Ready for chaos?
Last updated
Last updated
Running a Chaos Day requires people’s time and system usage, so it needs to be as carefully scheduled as any other piece of work. The immediate benefit of a Chaos Day might not be as appealing or tangible as new features. This means that investment in a Chaos Day is frequently put off.
This challenge can be addressed by starting with the smaller investment of a time-boxed system risk assessment using an approach such as FAIR. This provides an opportunity to explore what failures could happen, their frequency and the magnitude of their impact. This gives meaningful, monetary data that can help stakeholders re-evaluate prioritising features over resilience.

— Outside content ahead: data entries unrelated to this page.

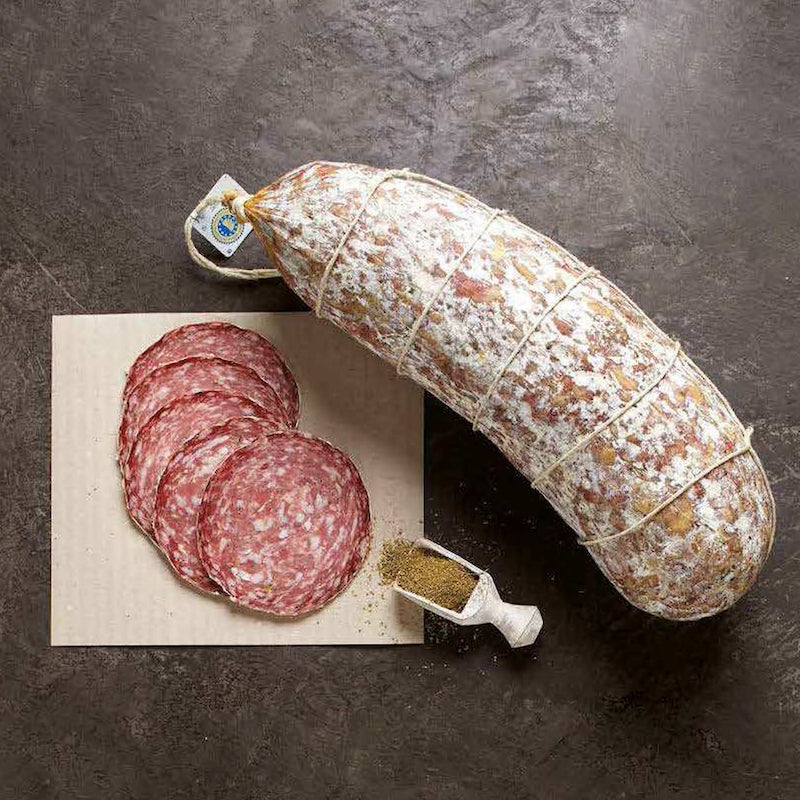 SALAMI FINOCCHIONA IGP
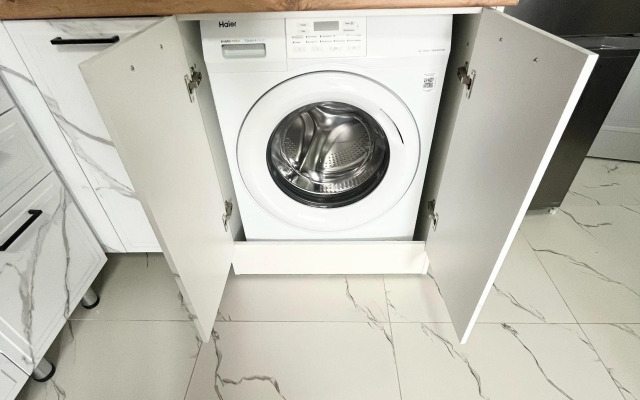 Na Ulitse Lenina 237 Flat
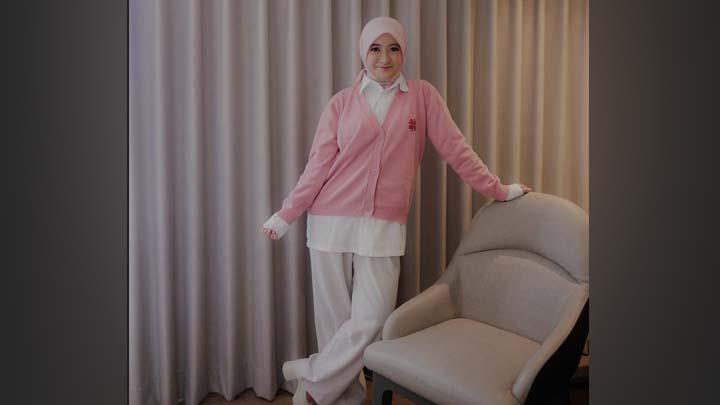 5 Gaya Modest Fashion ala Arafah Rianti, Inspirasi untuk Para Hijabers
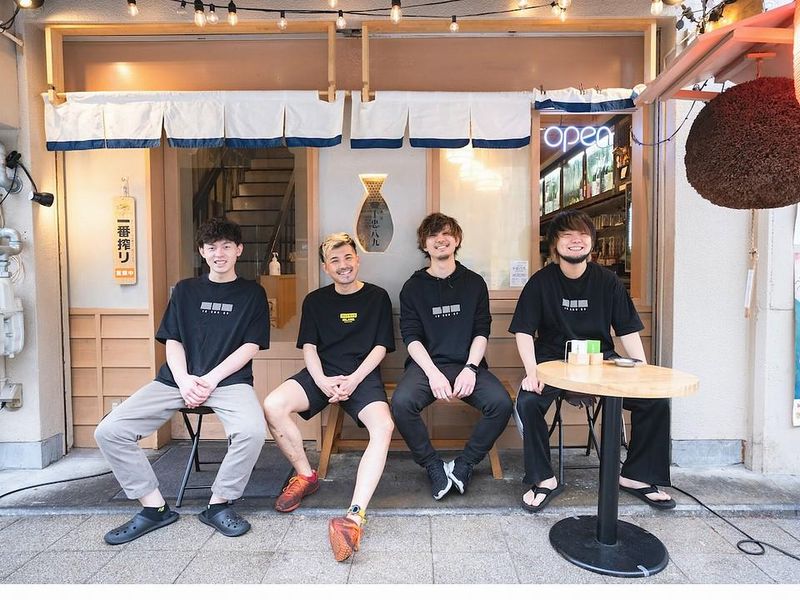 焼鳥とり藤 お初天神店のアルバイト・バイト求人情報-02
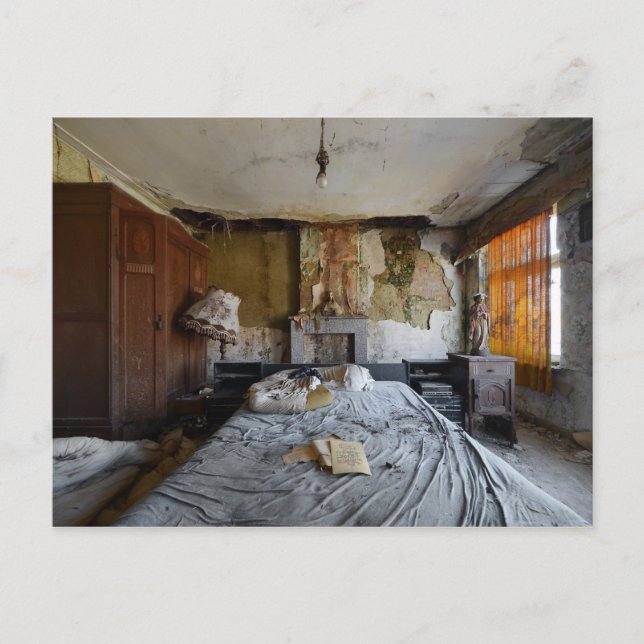 Home Sweet Home 1 Postcard (Front)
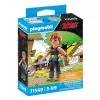 Playmobil 71549 Asterix: Adrenalin Collection figura de jogo Asterix para colecionadores e fãs, conjunto de jogo de role-play imaginativo, adequado para crianças a partir dos 5 anos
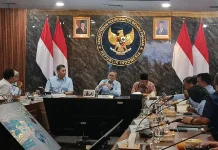 Zulhas Targetkan Masalah MBG Tuntas sebelum Dua Tahun Pemerintahan Presiden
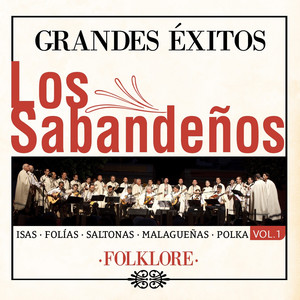Grandes Exitos (Vol. 1) album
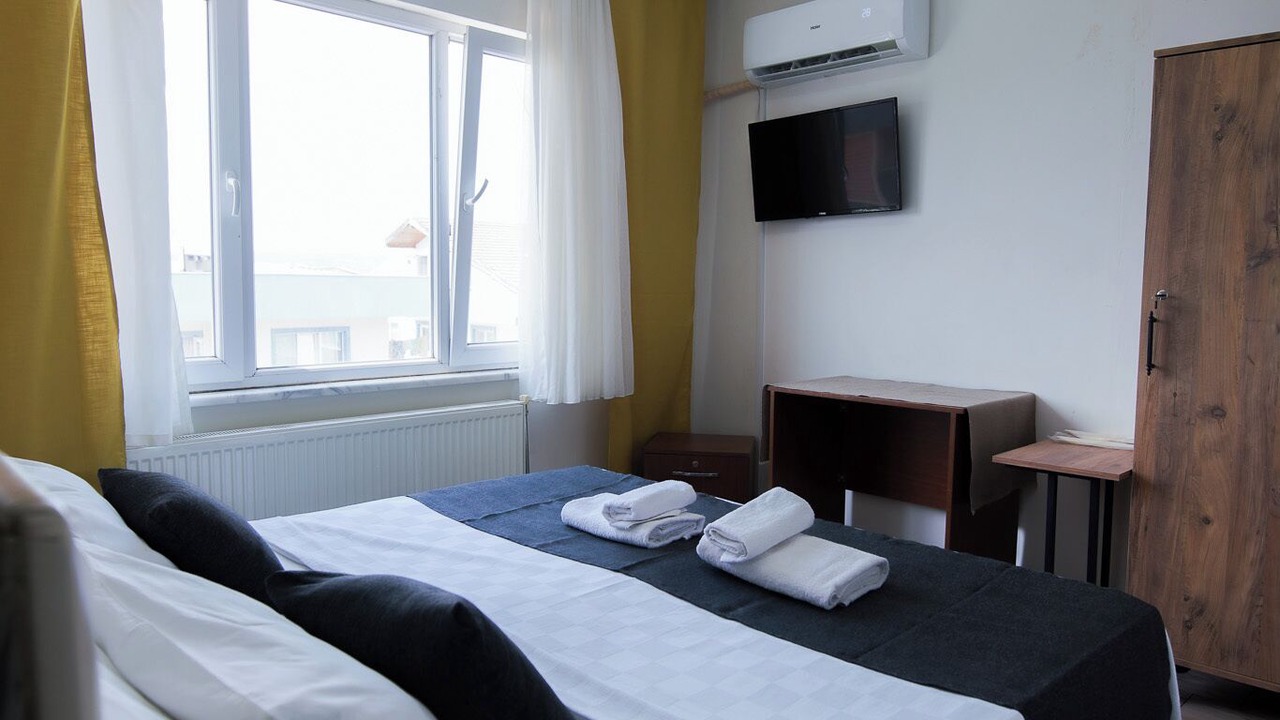 Photo of Bedroom in Kepez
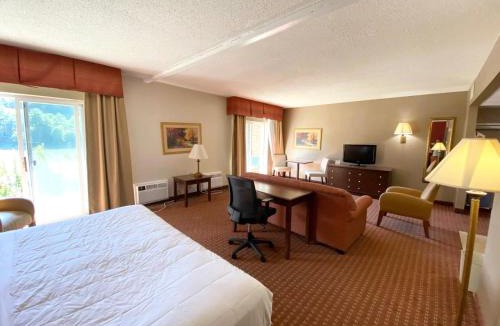 Owego Apartment | Kiteville Owego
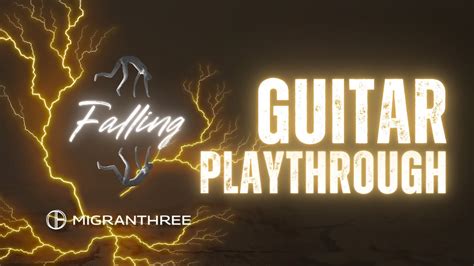 Falling Guitar Tutorial 的图像结果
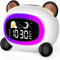 Schlaftrainer Wecker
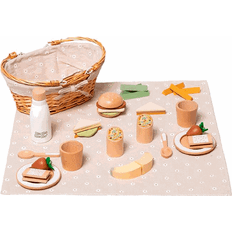 Picnic kurv MaMaMeMo Picnic Basket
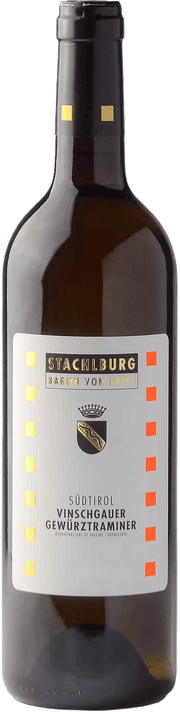 Gewürztraminer Bio 2022 1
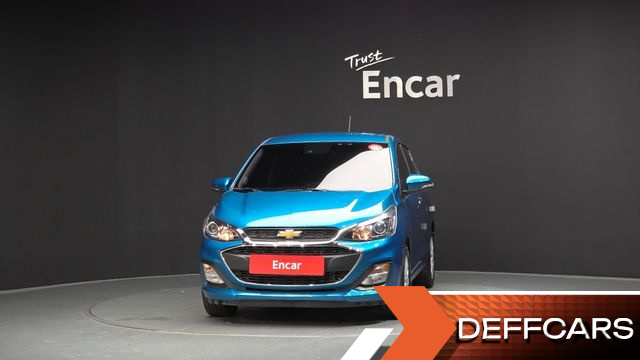 ChevroletGMDaewoo SPARK Premier купить на сайте DeffCars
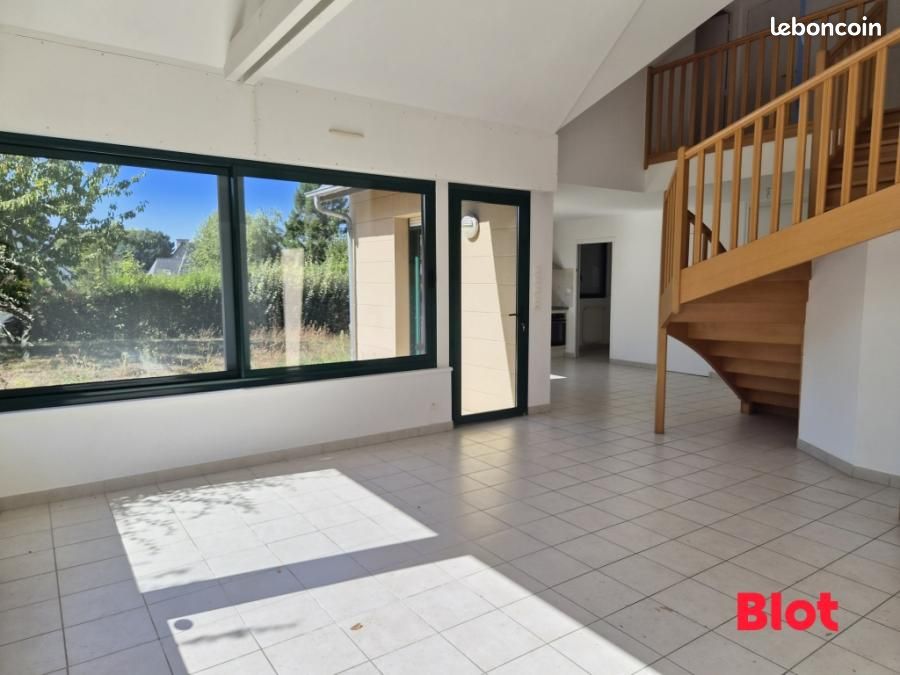 Maison 5 pièces 105 m² · à Dinard · 105 m² · 577 500 €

Chaos Days provide particular benefits if run weeks or months before major changes are deployed to production, or ahead of traffic peaks such as Black Friday for e-commerce sites. Ensure there is a sufficient gap between consecutive events to allow for learning to be distilled and improvements to be applied. For one client with a very large platform (1,000 microservices, processing 1 billion requests on a peak day), we found that 2–3 Chaos Days each year was a suitable frequency for their context.
Despite the many benefits of Chaos Days, if your production system is regularly “on fire”, you probably have enough ready-made chaos to contend with! In this case, your focus should be on running and improving post-incident reviews to bring about system stability. Once you’ve had a few months free of repeated production issues, try and run a small Chaos Day (in pre-production) to further explore system stability.